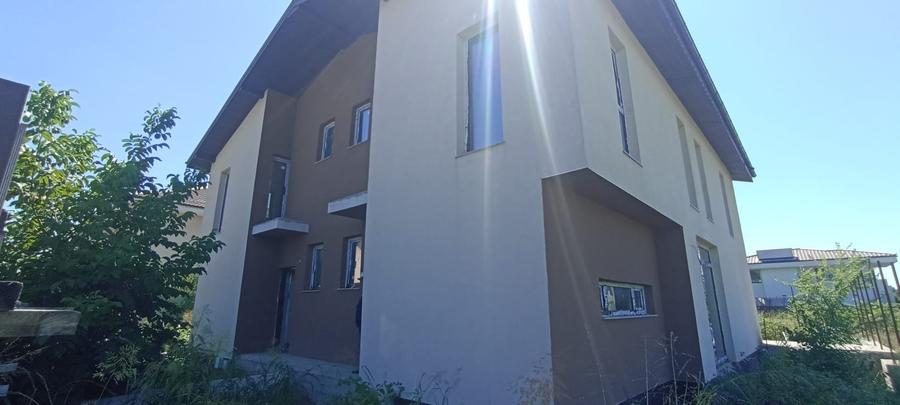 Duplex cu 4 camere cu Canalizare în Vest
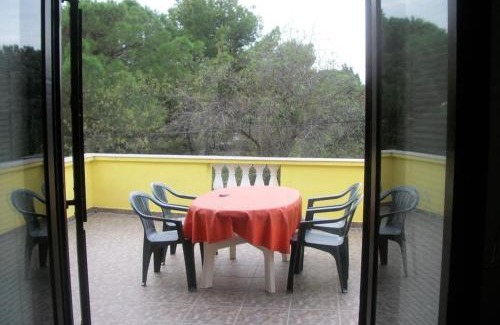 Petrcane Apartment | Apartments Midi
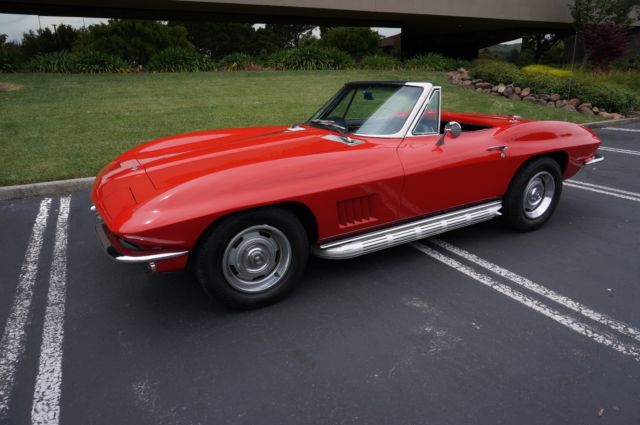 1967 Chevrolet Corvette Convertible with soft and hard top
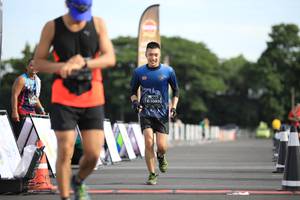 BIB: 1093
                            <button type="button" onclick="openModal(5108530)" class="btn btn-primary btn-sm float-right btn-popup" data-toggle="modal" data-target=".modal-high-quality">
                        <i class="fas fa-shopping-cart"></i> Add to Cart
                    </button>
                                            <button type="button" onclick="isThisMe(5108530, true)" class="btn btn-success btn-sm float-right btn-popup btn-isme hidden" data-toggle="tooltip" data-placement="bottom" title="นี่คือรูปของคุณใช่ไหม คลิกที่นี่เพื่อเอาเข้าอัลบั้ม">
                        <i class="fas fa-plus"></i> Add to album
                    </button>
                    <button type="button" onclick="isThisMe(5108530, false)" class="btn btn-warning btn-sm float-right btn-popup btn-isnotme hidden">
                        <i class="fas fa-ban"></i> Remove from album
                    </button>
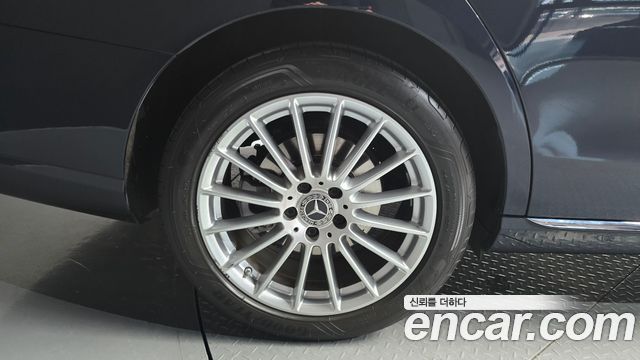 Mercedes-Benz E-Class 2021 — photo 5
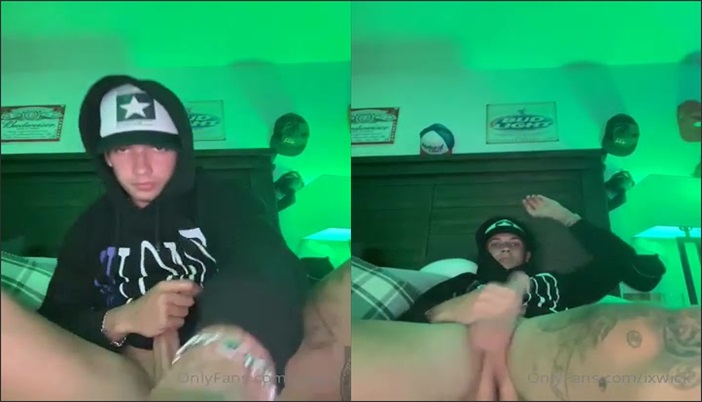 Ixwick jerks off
§
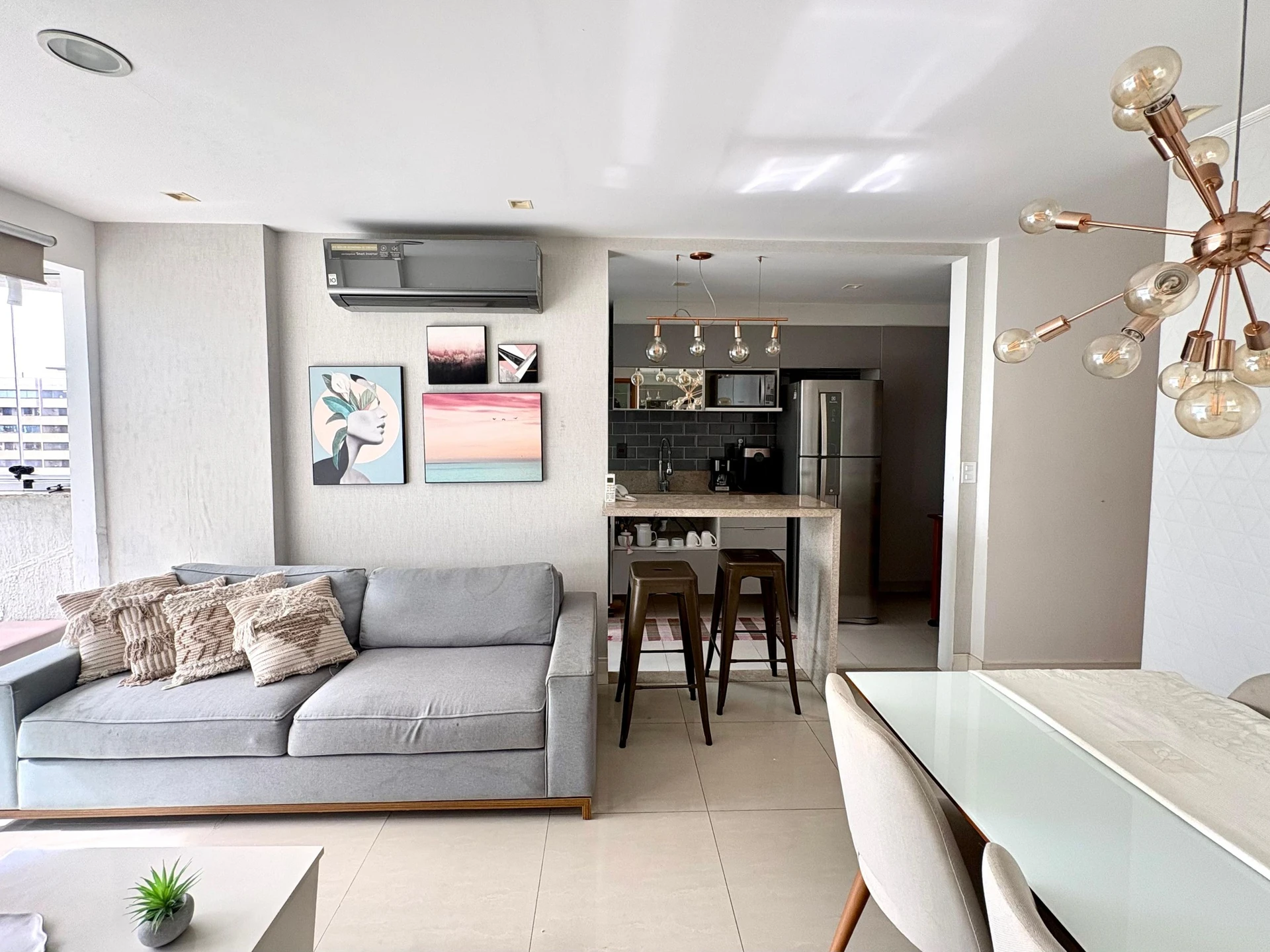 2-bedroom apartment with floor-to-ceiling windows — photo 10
§
### Assignment
Above are some records; extract exactly the lines from the one containing "btn-success btn-sm float-right" through the one containing "Ixwick jerks off" and drop the pictures.

### Output for this task
                                            <button type="button" onclick="isThisMe(5108530, true)" class="btn btn-success btn-sm float-right btn-popup btn-isme hidden" data-toggle="tooltip" data-placement="bottom" title="นี่คือรูปของคุณใช่ไหม คลิกที่นี่เพื่อเอาเข้าอัลบั้ม">
                        <i class="fas fa-plus"></i> Add to album
                    </button>
                    <button type="button" onclick="isThisMe(5108530, false)" class="btn btn-warning btn-sm float-right btn-popup btn-isnotme hidden">
                        <i class="fas fa-ban"></i> Remove from album
                    </button>
 Mercedes-Benz E-Class 2021 — photo 5
 Ixwick jerks off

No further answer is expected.